Sampling Optimized Code for Type Feedback

Article by Olivier Flückiger, Andreas Wälchli, Sebastián Krynski, Jan Vitek, published at DLS ‘20. Slides, Talk.

To efficiently execute dynamically typed languages, many language implementations have adopted a two-tier architecture. The first tier aims for low-latency startup times and collects dynamic profiles, such as the types of every program variable. The second tier provides high-throughput using an optimizing compiler that specializes code to the recorded type information. If the program behavior changes to the point that not previously seen types occur in specialized code, that specialized code becomes invalid, it is deoptimized, and control is transferred back to the first tier execution engine which will start specializing anew. However, if the program behavior becomes more specific, for instance, if a variable that was recorded as holding values of many types becomes monomorphic, no deoptimization will be triggered. Once the program is running optimized code, there are no means to notice that an opportunity for optimization has been missed or to restart specialization.

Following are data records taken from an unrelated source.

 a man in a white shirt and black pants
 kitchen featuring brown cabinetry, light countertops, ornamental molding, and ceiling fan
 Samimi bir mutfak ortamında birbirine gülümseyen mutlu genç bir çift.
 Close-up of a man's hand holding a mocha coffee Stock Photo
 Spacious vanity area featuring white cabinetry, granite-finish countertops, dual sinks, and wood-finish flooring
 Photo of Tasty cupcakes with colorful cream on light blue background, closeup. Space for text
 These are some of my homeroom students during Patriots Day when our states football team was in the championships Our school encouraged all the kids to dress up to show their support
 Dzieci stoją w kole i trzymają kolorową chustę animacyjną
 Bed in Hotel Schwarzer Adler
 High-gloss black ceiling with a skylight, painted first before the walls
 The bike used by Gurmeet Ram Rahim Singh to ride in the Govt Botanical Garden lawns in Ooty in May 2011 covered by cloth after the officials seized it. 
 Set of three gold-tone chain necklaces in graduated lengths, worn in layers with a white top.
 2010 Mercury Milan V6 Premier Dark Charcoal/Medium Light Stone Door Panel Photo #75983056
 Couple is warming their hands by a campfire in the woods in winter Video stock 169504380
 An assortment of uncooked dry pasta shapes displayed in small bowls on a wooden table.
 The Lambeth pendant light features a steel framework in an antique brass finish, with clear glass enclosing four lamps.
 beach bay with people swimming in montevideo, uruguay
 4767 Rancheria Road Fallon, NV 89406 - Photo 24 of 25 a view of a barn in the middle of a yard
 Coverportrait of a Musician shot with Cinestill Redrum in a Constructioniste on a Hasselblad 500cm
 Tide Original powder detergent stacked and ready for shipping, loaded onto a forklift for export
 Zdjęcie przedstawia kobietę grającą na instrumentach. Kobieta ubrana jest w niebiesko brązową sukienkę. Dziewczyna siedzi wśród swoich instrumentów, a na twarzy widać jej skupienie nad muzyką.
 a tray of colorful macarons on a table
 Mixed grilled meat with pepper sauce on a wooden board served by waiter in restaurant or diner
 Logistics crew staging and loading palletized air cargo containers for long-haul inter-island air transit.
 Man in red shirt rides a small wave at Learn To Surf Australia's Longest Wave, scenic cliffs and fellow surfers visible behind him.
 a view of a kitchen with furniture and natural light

We propose to employ a sampling-based profiler to monitor native code without any instrumentation. The absence of instrumentation means that when the profiler is not active, no overhead is incurred. When the profiler is active, the overhead can be controlled by limiting the sampling rate. Our implementation is in the context of the Ř just-in-time, optimizing, compiler for the R language. Based on the sampled profiles, we are able to detect when the native code produced by Ř is specialized for stale type feedback and recompile it to more type-specific code. We show that recording in our profiler adds an overhead of less than 3% in most cases and up to 9% in few cases when engaged and that it reliably detects stale type feedback within milliseconds.